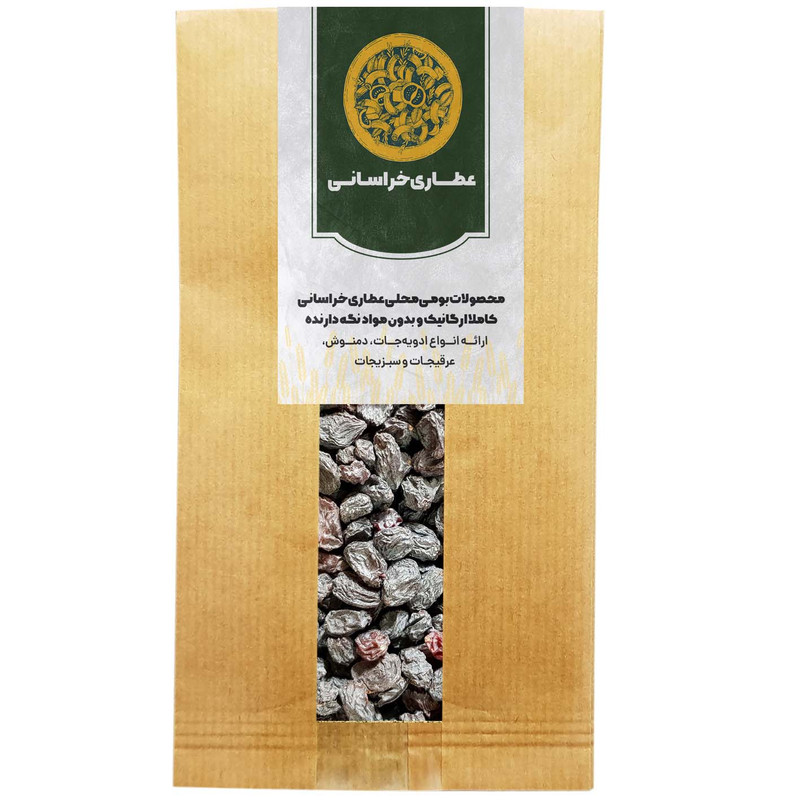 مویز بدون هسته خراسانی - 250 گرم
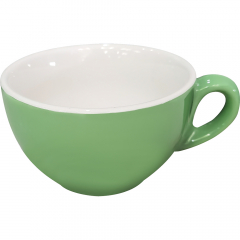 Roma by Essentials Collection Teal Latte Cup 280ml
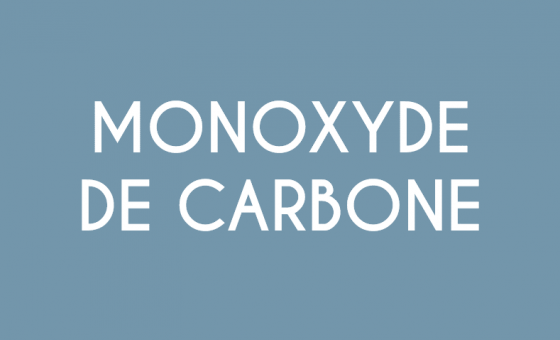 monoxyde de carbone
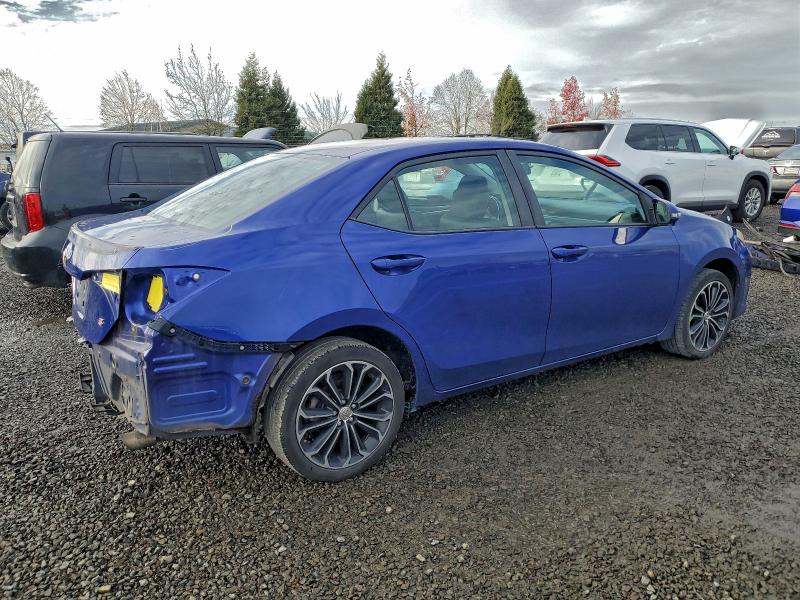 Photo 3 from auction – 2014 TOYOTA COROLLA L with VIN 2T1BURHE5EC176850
==
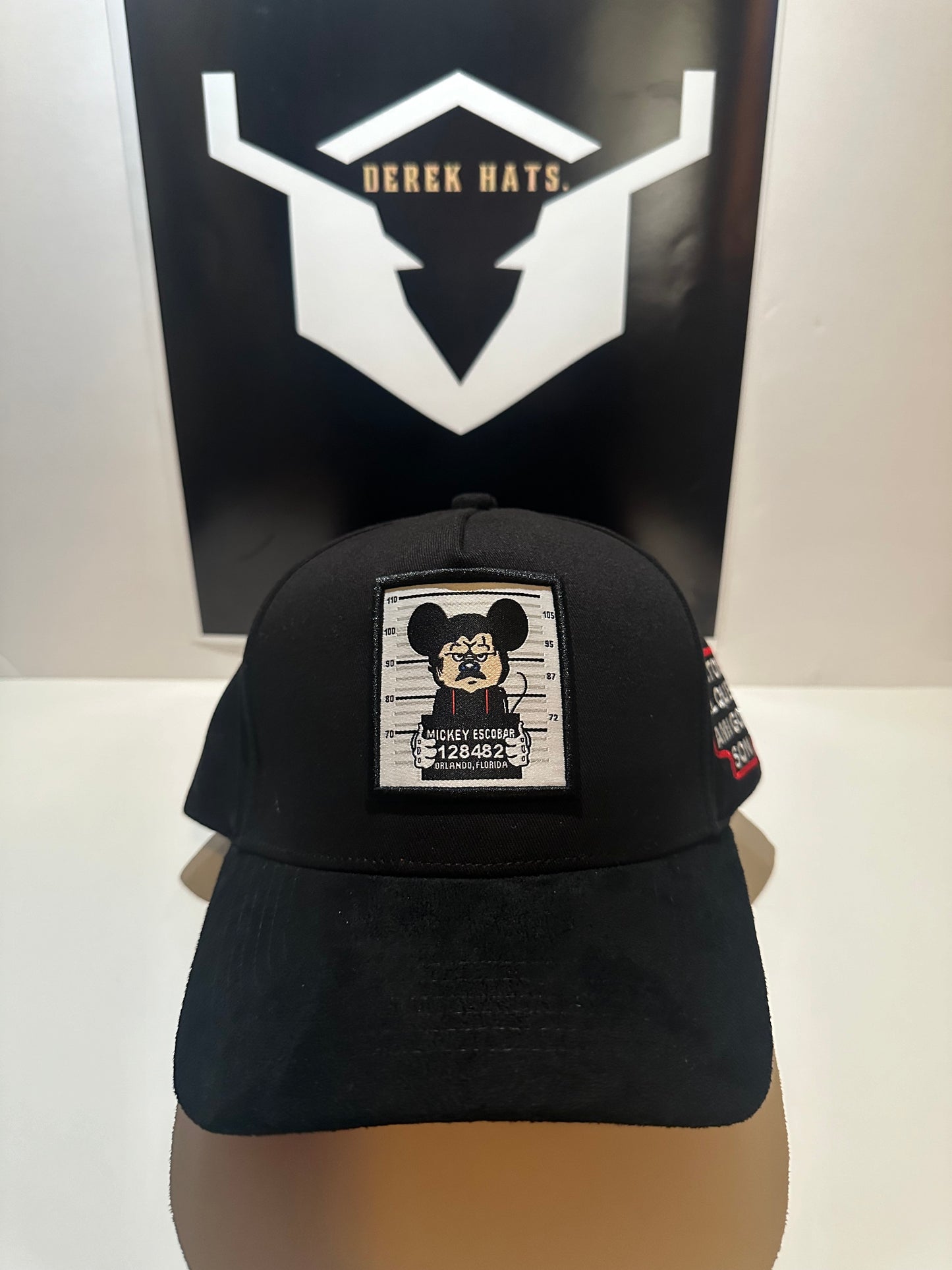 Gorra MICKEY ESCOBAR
==
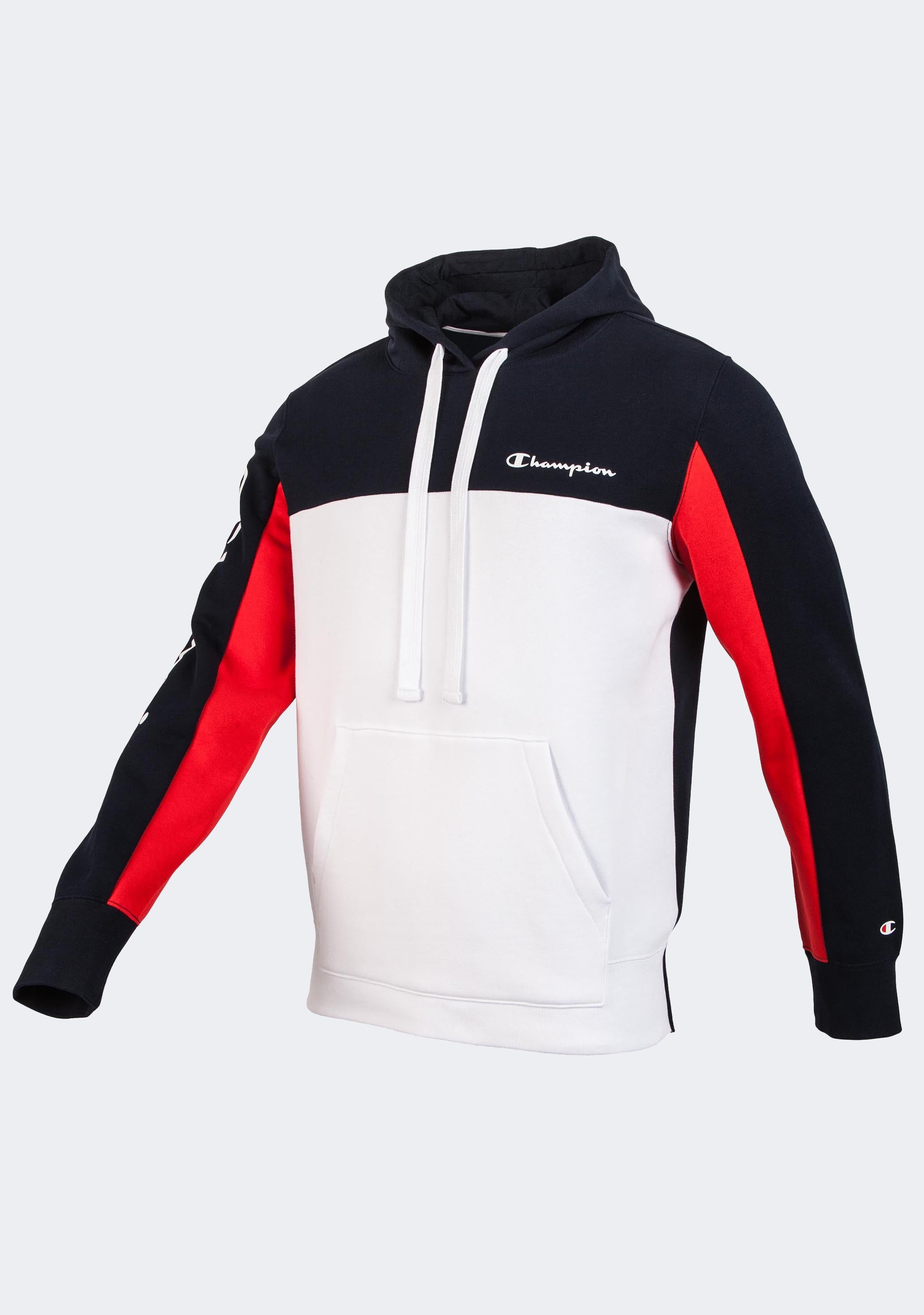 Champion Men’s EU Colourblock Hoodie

What needs to be done =>
Everything between and including the line above containing "monoxyde de carbone" and the line containing "Photo 3 from" should be reproduced exactly, with pictures excluded.

Written reply =>
 monoxyde de carbone
 Photo 3 from auction – 2014 TOYOTA COROLLA L with VIN 2T1BURHE5EC176850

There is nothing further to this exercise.